The only thing an island explorer needs is a rental car – to drive to the coastal towns and villages. All sorts of boats and ships set sail from there each day en route to the nearby islets in the sea: out in the morning, back in the afternoon. Most of the mini islands lie only a few miles off the coasts of Guadeloupe and Martinique. But they are a world away nonetheless.

On the smaller uninhabited islets, nature has been preserved in her original beauty. The islets are home to populations of rare birds, and sea turtles breed on their beaches. However, the most spectacular of the islets’ inhabitants are the giant iguanas. These primordial creatures are seen most often at Ilet Chancel in the bay of Le Robert in Martinique. A good 400 saurians live there, on a surface barely 2 km long and 850 metres wide.

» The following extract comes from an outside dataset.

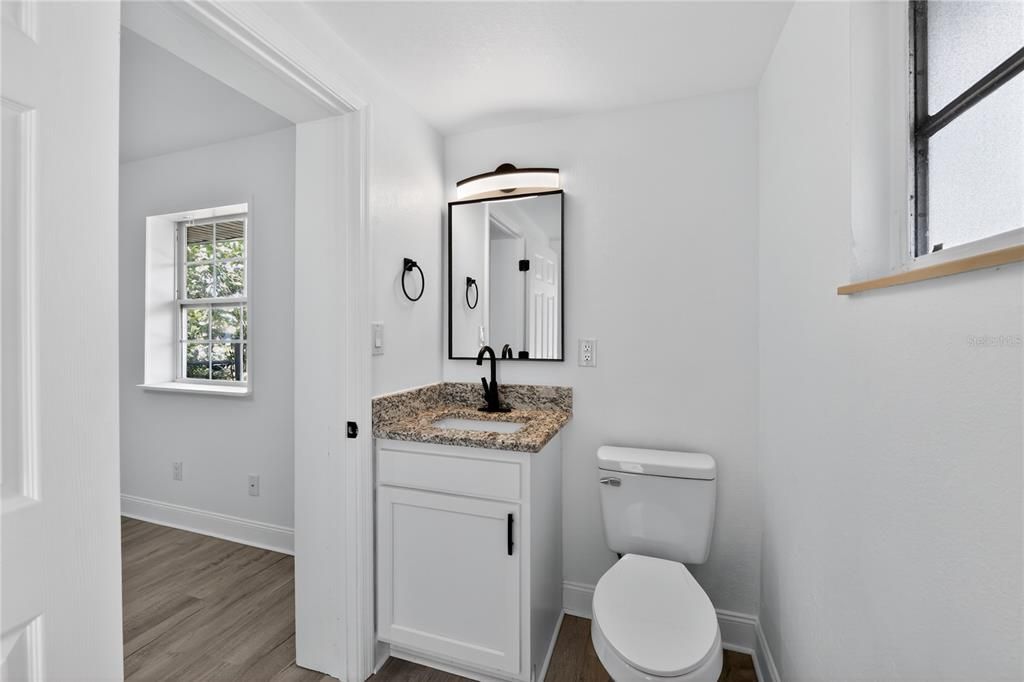 Под контрактом: $269,995 (3 спален, 1 ванн, 1169 Квадратных фут)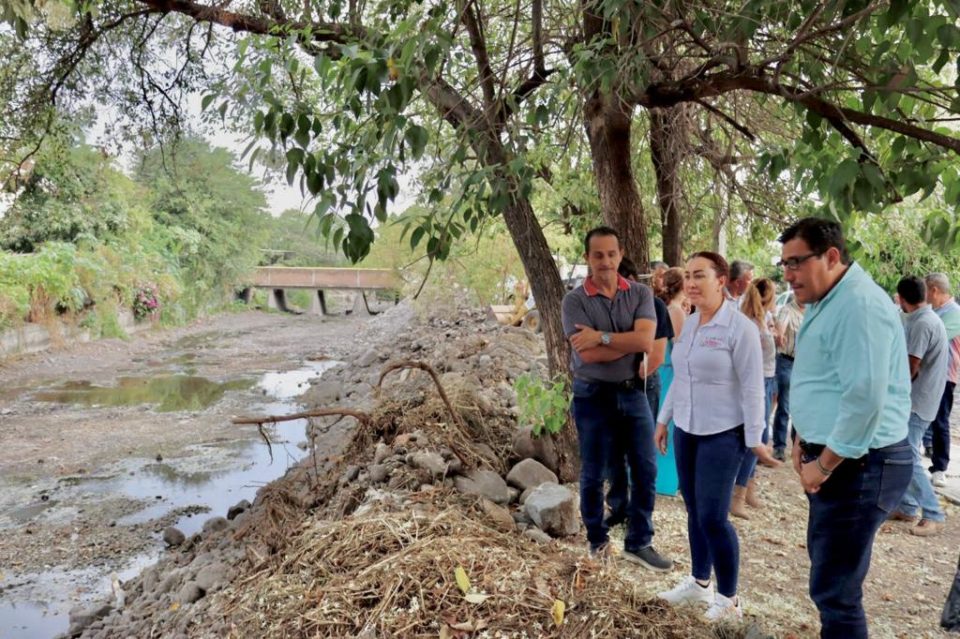 Tey Gutiérrez supervisa avances de desazolve en arroyo Pereyra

The islets inhabited by human beings are also preservation areas: for old customs and traditions. In Marie Galante, for example, ox-drawn carts and ploughs are still as common today as they were centuries ago. And the wives of the fishermen in Les Saintes still bake their traditional cakes of love when their men set out to sea.

The most convenient way for holidaying Robinsons to reach the islets is by taking an express ferry or one of the large catamaran sailboats. Individualists and explorers with a taste for adventure may well find the excursions on fishing boats, canoes or rubber boats more in their line. If visiting one of the larger islets, it makes sense to take a hotel room for a night or two. For, as Gisèle Maisonneuve, the wife of a fisherman in Les Saintes, is convinced: "One can only get a sense of what our life and our islands are really like once the boats with the day-trippers have left for the afternoon!"